Conseguentemente ad ogni cittadino dovrebbe essere  riconosciuta, da parte di ogni singolo Stato, il diritto  ad  avere  assicurata una  quantità minima di  acqua secondo standard internazionalmente stabiliti;
CONSIDERATO che da ciò consegue la necessità di una politica che riconosca tale
Diritto  e  l’erogazione  gratuita, per i soggetti a  basso  reddito, salvo stabilire  tariffe adeguate per gli altri soggetti e per i consumi superiori agli standard minimi;
RITENUTO che la  tutela di  questo  diritto si mantenga  facendo  restare in proprietà del Pubblico sia le  fonti di  produzione, ovvero  ogni  tipo  di  sorgente, sia  la  rete di trasporto e quella di distribuzione e che solo mantenendo nel  pubblico la proprietà e la  gestione dell’intero sistema  saremmo in grado di  riconoscere  il  diritto e la sua concreta  fruibilità.
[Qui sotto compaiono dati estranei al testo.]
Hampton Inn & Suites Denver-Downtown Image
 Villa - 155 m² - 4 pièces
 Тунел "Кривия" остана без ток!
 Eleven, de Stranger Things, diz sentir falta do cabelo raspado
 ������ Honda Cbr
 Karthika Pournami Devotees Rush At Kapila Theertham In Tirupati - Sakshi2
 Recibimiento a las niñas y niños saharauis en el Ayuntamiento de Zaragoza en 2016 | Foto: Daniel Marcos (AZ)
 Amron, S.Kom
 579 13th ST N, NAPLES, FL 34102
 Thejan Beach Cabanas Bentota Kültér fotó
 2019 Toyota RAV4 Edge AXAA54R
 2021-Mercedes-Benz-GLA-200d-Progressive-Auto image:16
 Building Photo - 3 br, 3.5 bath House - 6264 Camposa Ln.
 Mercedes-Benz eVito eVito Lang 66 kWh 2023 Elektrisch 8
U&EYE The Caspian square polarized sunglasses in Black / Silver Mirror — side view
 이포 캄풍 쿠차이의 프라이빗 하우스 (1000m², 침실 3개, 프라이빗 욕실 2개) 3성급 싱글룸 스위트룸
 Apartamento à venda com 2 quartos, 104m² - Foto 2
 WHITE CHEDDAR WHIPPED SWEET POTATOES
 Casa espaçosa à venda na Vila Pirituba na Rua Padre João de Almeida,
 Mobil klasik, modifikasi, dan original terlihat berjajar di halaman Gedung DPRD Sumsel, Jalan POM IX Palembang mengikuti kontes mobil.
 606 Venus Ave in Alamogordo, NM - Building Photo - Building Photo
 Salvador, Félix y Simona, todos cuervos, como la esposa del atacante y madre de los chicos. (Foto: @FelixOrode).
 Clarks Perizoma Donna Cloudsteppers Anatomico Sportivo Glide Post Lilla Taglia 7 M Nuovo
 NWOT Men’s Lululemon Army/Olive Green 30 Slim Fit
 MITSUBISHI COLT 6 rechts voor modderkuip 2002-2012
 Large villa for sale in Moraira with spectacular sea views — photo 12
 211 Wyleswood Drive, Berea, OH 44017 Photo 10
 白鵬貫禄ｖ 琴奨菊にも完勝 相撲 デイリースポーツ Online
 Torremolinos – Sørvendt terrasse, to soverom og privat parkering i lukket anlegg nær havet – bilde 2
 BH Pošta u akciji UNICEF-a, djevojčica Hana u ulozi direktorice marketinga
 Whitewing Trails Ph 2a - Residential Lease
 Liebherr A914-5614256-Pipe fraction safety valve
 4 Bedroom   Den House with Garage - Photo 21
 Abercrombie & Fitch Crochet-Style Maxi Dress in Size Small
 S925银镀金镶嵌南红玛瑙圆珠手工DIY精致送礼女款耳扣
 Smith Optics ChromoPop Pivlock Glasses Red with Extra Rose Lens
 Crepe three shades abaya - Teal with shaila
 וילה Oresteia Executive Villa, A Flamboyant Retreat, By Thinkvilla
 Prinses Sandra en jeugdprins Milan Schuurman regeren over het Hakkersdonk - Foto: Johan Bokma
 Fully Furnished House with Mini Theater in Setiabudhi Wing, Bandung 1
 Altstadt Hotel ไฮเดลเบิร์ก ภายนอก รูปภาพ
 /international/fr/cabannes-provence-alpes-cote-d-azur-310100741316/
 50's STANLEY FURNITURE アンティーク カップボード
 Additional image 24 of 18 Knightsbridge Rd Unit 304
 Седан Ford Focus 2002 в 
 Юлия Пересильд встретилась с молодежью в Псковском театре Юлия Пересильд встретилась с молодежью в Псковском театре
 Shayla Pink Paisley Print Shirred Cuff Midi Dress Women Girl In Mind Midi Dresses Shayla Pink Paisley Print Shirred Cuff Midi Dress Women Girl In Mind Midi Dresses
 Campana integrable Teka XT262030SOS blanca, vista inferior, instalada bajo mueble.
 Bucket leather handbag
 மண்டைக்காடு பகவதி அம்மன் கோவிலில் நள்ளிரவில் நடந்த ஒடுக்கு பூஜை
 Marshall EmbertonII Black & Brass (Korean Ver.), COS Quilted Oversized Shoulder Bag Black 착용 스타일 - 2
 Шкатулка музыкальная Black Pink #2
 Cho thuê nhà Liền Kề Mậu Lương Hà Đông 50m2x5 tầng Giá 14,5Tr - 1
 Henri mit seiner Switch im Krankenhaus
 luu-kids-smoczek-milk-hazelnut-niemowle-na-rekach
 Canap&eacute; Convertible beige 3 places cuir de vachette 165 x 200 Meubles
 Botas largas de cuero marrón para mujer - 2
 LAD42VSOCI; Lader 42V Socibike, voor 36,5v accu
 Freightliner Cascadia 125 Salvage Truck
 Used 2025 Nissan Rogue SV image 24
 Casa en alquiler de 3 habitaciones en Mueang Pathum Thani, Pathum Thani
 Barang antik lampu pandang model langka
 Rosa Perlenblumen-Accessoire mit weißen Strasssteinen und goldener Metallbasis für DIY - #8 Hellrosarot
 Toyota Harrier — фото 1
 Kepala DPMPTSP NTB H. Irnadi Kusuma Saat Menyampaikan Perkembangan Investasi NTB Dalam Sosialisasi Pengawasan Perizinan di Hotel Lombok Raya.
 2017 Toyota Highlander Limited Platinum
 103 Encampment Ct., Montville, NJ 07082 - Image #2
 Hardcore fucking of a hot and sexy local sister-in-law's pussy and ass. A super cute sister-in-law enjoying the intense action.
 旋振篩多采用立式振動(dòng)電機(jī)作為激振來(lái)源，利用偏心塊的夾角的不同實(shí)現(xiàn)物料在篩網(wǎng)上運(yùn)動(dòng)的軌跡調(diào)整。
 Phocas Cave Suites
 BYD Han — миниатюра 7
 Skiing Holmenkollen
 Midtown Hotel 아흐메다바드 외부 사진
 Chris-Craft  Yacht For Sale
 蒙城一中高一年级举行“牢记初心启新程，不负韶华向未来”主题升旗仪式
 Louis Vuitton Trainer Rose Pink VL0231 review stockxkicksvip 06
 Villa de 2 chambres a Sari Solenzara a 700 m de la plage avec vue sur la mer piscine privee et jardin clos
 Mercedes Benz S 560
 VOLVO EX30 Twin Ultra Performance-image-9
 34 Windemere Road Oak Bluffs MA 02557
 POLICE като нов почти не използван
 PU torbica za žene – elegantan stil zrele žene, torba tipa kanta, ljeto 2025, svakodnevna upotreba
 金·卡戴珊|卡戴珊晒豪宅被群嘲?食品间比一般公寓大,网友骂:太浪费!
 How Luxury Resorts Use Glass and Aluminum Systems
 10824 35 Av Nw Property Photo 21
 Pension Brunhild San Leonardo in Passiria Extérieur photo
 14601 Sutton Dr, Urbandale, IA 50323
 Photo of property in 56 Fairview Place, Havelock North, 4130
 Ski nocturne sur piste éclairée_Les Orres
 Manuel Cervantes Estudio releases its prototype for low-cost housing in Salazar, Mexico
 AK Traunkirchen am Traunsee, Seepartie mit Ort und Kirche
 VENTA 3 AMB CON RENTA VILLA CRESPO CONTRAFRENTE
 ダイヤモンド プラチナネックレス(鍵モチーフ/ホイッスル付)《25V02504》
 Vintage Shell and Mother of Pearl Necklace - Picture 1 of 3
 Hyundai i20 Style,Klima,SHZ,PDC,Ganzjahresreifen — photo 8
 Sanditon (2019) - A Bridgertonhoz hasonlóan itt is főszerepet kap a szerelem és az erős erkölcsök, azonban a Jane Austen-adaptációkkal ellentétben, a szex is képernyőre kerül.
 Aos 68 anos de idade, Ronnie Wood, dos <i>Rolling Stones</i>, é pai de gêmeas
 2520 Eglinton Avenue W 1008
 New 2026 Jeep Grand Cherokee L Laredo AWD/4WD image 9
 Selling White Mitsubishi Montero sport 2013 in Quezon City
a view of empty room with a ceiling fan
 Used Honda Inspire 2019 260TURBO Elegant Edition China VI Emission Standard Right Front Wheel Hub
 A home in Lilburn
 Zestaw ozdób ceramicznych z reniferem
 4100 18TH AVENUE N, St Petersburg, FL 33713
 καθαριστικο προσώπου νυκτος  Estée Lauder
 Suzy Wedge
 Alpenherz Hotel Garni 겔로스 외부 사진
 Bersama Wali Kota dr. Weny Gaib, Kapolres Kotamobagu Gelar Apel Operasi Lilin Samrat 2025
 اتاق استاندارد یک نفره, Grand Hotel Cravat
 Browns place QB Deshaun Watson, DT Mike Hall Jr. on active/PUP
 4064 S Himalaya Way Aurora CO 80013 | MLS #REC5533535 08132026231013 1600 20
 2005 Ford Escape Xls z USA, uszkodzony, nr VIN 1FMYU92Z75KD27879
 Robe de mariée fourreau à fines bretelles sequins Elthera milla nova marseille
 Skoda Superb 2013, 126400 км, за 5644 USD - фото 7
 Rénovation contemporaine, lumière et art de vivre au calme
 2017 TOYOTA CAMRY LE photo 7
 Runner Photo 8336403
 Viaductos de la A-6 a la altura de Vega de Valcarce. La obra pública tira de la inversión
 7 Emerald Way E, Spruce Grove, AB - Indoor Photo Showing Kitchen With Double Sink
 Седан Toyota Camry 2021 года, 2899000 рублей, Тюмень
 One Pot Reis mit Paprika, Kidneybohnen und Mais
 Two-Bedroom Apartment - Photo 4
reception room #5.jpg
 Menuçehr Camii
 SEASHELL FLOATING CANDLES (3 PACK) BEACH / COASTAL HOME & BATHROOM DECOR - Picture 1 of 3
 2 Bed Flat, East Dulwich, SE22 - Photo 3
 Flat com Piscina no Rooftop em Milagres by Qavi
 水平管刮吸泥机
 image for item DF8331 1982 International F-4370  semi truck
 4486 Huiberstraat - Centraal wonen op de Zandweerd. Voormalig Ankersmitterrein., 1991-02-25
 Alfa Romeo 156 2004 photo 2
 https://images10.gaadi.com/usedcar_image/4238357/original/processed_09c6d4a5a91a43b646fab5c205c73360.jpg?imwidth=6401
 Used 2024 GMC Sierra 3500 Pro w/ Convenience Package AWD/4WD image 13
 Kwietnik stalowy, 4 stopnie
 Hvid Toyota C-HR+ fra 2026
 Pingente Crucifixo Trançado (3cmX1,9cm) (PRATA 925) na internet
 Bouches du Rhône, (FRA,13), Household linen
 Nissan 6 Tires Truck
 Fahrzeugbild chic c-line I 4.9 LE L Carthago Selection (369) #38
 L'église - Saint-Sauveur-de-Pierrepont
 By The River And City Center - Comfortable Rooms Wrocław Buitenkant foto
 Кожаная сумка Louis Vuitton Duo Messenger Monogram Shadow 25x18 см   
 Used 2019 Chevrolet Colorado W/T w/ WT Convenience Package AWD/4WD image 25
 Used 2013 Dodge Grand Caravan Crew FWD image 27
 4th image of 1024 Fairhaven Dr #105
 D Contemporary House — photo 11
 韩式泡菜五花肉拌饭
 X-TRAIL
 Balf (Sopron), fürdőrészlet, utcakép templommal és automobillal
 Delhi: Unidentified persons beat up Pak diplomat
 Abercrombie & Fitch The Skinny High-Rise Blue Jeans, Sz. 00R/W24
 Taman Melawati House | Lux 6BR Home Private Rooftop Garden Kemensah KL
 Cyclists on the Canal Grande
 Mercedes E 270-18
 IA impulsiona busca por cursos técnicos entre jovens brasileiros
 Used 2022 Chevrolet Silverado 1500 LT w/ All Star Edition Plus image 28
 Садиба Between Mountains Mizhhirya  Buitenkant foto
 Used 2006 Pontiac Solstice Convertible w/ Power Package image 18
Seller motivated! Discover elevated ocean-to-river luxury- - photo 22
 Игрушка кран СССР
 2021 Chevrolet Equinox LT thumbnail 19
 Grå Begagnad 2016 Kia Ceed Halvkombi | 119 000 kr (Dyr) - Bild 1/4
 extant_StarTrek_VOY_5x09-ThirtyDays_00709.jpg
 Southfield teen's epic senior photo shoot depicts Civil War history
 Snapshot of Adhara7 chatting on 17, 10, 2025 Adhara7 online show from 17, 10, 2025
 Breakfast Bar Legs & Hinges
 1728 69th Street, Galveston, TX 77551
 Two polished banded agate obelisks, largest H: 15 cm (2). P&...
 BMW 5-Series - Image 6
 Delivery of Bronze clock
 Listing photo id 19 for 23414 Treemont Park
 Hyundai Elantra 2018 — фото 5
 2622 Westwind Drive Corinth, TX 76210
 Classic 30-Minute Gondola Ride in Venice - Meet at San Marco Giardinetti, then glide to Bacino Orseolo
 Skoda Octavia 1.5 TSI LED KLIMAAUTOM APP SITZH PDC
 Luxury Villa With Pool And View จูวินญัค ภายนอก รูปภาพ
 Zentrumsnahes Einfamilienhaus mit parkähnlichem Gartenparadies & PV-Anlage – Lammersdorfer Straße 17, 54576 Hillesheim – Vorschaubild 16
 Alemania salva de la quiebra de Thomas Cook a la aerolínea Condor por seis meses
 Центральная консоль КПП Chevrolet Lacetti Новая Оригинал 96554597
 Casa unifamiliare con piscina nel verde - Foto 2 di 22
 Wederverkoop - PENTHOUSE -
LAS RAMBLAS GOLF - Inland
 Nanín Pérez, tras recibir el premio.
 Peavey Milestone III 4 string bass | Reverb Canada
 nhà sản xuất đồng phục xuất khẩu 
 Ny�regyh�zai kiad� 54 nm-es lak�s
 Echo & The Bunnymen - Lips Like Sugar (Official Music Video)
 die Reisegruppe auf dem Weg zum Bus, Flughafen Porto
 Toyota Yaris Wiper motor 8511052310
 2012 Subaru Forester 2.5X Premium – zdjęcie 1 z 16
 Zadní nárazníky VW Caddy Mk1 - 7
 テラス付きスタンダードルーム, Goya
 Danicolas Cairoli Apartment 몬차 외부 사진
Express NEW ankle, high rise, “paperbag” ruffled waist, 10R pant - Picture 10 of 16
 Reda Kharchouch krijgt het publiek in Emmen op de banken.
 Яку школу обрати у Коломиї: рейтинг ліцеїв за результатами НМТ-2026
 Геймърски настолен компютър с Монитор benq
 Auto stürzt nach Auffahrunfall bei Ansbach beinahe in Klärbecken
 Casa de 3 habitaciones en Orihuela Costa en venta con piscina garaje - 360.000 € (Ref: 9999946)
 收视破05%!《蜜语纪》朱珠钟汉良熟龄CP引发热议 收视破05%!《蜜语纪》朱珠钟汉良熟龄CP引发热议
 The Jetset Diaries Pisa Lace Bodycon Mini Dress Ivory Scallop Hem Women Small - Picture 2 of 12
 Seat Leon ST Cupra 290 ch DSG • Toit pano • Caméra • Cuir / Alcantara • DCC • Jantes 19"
Senza  considerare poi che nel contesto del mantenimento della gestione  pubblica, la  spesa sostenuta dai cittadini per l’erogazione del  servizio idrico andrebbe a beneficio dello stesso ente pubblico;
CONSIDERATO che privatizzando sarebbero inserite nelle bollette, e quindi sostenute come spesa  dall’utenza, quote relative  agli investimenti, il  risultato  certo sarebbe quello di un aumento delle tariffe. Inoltre, tale  aumento porterebbe anche profitti ed i privati guadagnerebbero due volte: remunerazione del capitale investito e utili per le azioni possedute;
RITENUTO  invece  che, nell’ipotesi  pubblica, alle  spese  di  investimento si farebbe fronte con risorse generali ed in bolletta andrebbero unicamente le spese relative alla gestione oltre, naturalmente, a quelle relative ai consumi;
CONSIDERATO che uno dei modi per tutelare il potere d’acquisto di famiglie e cittadini sarebbe quello di contenere i costi delle tariffe, soprattutto evitando che siano gravate da costi impropri del tutto indipendenti dal costo di erogazione dei servizi;
RICORDATO che il Partito Socialista Italiano ha già preso  pubbliche  iniziative per la definizione di nuovi criteri di formazione delle  bollette di servizi pubblici come luce, telefoni, gas, acqua (anche per evitare, tra l’altro, di pagare le tasse sulle tasse) e per l’applicazione concreta e semplificata di norme di trasparenza;
VALUTATO che la gestione pubblica della  risorsa idrica consentirebbe – oltre al necessario standard qualitativo – il mantenimento di tariffe maggiormente contenute;
RITENUTO infine che, pur non esprimendo contrarietà in via di principio alla liberalizzazione dei servizi pubblici locali, il servizio idrico, per la sua natura di garanzia per il cittadino ad un bene  primario  ed  essenziale, non possa  che  essere assicurato mantenendone una gestione pubblica.

TUTTO CIO’ PREMESSO

Impegna l’Ammistrazione e tutti gli Organismi Collegiali di questo Comune a farsi promotori di iniziative tese alla  modifica del testo legislativo (Decreto Ronchi) approvato dalla camera dei Deputati il 18/11/09) e comunque ad adottare tutto quanto nelle proprie competenze per la tutela della gestione pubblica del ciclo delle acque".

A. Gu.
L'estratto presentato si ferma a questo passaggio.